No caso, fica latente a superficialidade do relacionamento dos jovens, mas ainda assim relevamos principalmente pelos esforços de Kutcher. Com seu conhecido jeitão desengonçado e cara de sem noção (acentuado pelo corte de cabelo largadão) ele convence como um jovem apaixonado, mas ao mesmo tempo em dúvidas quanto a decisão que tomou sem muita reflexão. Murphy equilibra a relação com uma atuação mais contida, mas nem por isso livre de caras e bocas. A descontração da dupla, que certamente transformou as filmagens em um grande playground, acaba contagiando o espectador que logo nos primeiros minutos de filme manda às favas qualquer questão de coerência e embarca nas loucuras vividas pelos personagens. A sensação por vezes é que Levy deu uma rápida explanação da história que queria contar e deixou seus protagonistas livres para interpretarem e, principalmente, improvisarem à vontade. Não dá para imaginar, por exemplo, que os protagonistas ensaiaram a cena em que Kutcher tenta justificar a morte acidental do cãozinho da noiva imitando seu agonizar.
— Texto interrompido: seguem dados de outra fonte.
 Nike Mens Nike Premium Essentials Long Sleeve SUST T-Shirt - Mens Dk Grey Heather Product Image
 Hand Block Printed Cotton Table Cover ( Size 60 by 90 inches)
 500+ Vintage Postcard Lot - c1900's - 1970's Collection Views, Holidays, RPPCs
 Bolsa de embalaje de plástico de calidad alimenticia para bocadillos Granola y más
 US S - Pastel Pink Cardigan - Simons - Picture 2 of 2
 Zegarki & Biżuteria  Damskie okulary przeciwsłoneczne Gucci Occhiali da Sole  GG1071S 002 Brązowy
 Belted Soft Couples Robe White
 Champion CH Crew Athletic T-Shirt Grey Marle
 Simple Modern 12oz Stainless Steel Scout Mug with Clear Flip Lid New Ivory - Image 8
Deve ser por isso que situações paralelas não se encaixam à narrativa e não avançam como o esperado, assim são desperdiçados personagens com potencial como Kyle (David Moscow), o padrinho do noivo que já anunciava o fracasso do casamento antes mesmo de sua consumação, e Peter (Christian Kane), um cara sedutor, rico e ex-ficante de Sarah que surge em Veneza como por mágica para atrapalhar as núpcias do casal. Recém-Casados tinha uma boa proposta, mas é uma pena que seus realizadores tenham optado por caminhos simplificados. Os problemas do casamento não se resumem ao medo da infidelidade. Tom e Sarah são diferentes por natureza e isso poderia ter sido melhor explorado. Todavia, por que propor algo mais reflexivo se o público-alvo costuma rir de velhas piadas como um suspeito sutiã que deixa o marido em uma bela saia justa com a esposa ou a clássica cena do rapaz entrando desajeitadamente em um quarto de hotel com a noiva no colo que acaba dando uma cabeçada no batente? Sem muito a apresentar, o filme que já é curto dá a sensação de ser ainda mais rápido diante de nossos olhos.